(Requirement):
Please repeat each line from the one holding "tv magic wall brackets" through the final line of the data, exactly as it stands, with no pictures.

(Supplied material):
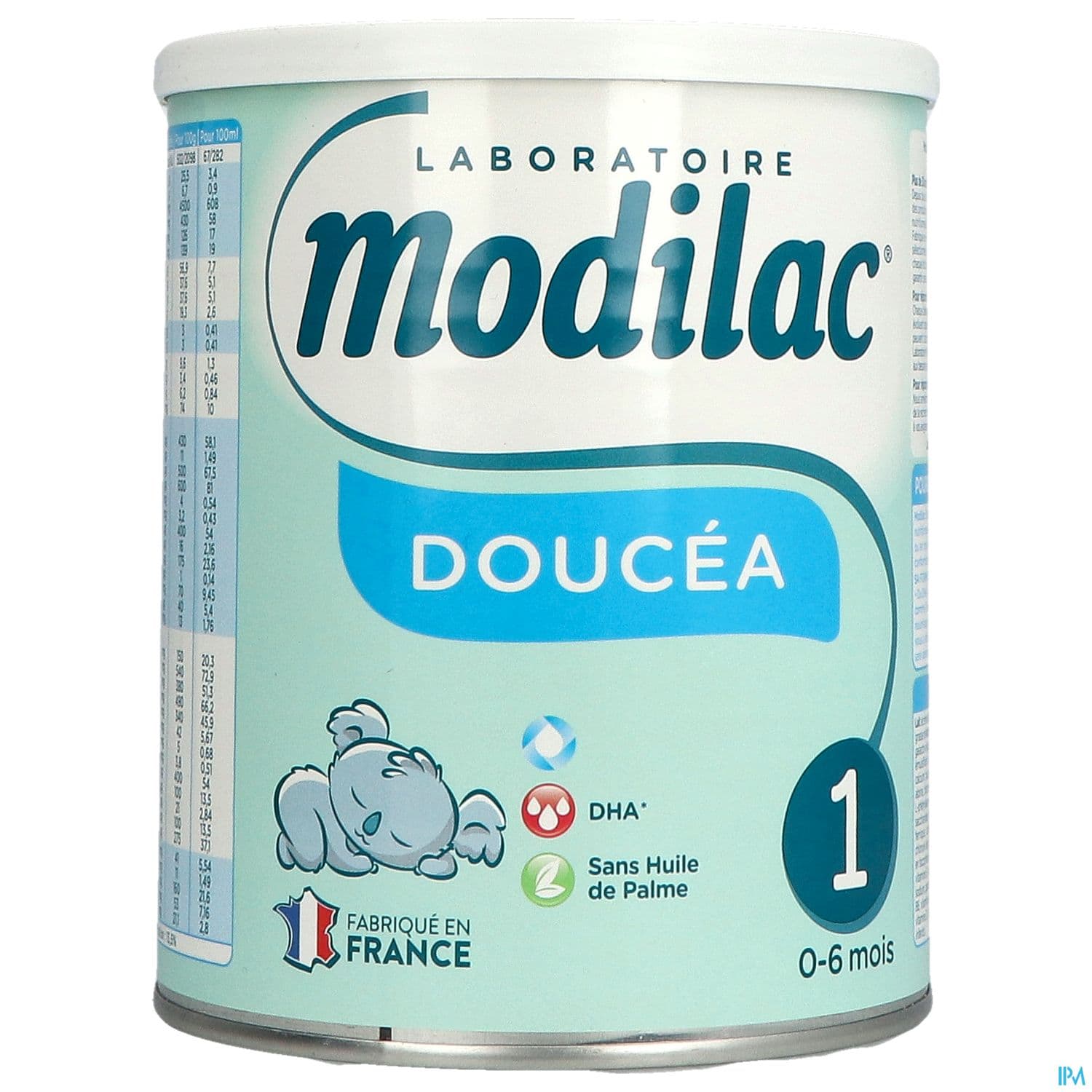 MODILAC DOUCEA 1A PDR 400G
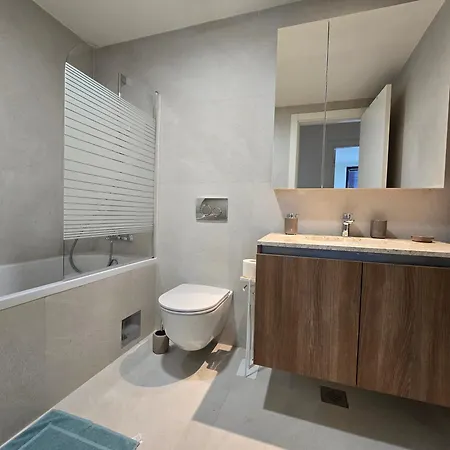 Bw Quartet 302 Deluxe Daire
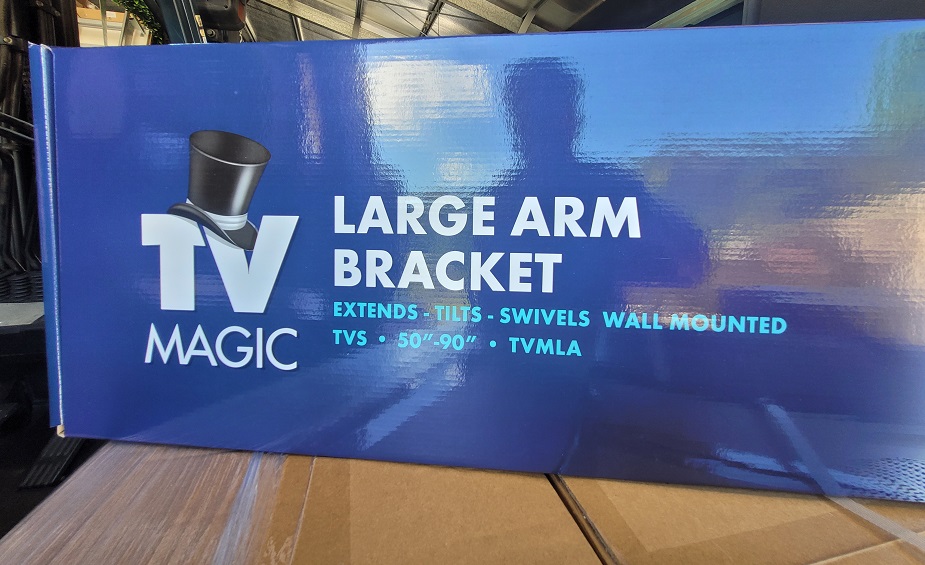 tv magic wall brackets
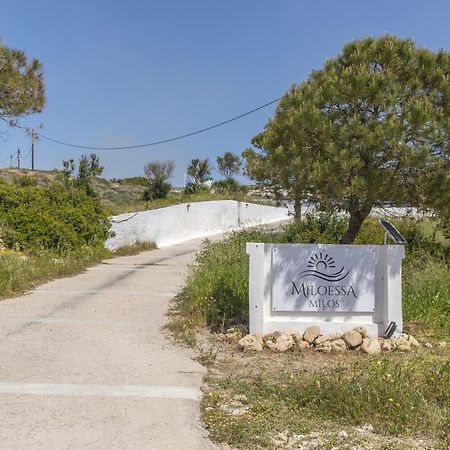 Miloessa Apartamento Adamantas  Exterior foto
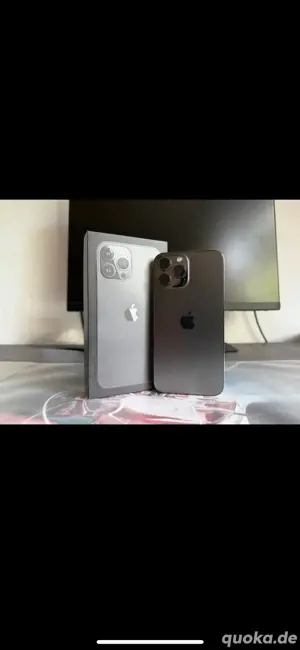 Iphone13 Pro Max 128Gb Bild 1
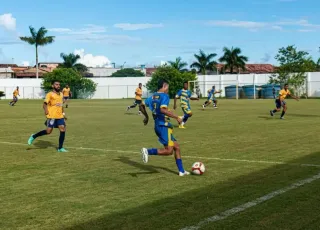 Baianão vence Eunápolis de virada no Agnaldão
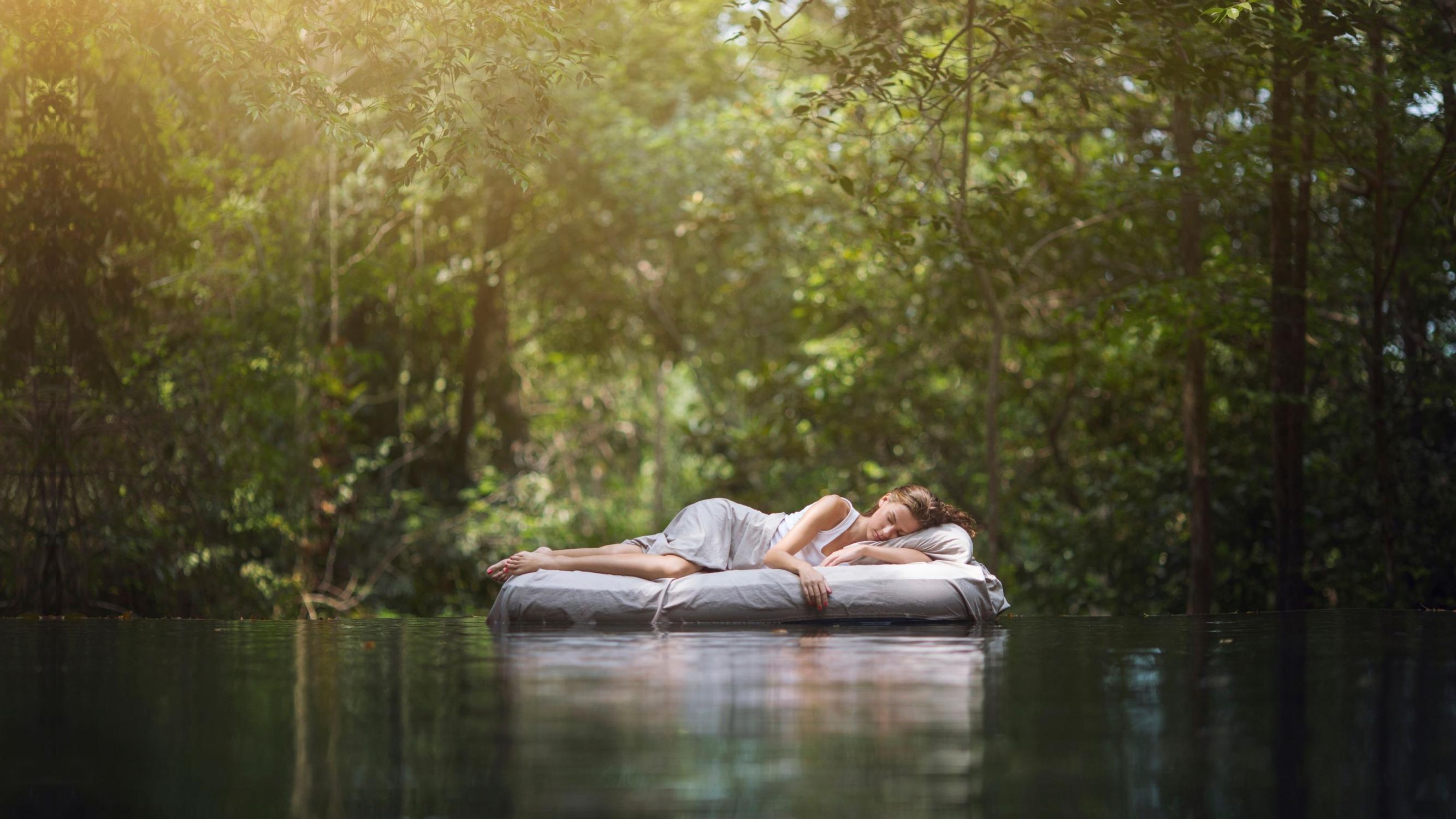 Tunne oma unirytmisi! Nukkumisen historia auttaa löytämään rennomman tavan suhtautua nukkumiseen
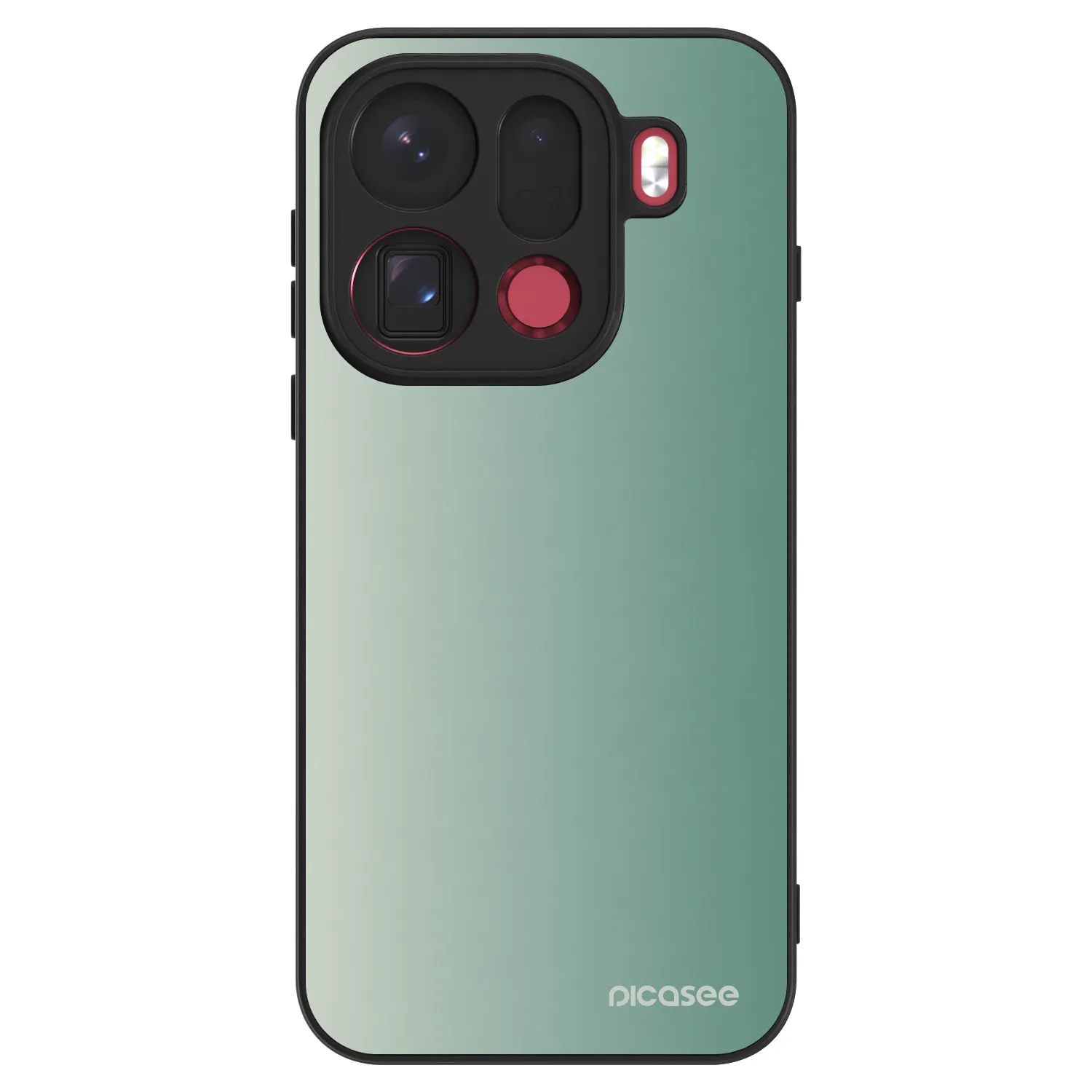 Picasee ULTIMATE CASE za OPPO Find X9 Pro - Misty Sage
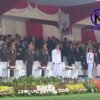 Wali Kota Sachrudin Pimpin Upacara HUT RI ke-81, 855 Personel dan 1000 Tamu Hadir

(Solution to the exercise):
 tv magic wall brackets
 Miloessa Apartamento Adamantas  Exterior foto
 Iphone13 Pro Max 128Gb Bild 1
 Baianão vence Eunápolis de virada no Agnaldão
 Tunne oma unirytmisi! Nukkumisen historia auttaa löytämään rennomman tavan suhtautua nukkumiseen
 Picasee ULTIMATE CASE za OPPO Find X9 Pro - Misty Sage
 Wali Kota Sachrudin Pimpin Upacara HUT RI ke-81, 855 Personel dan 1000 Tamu Hadir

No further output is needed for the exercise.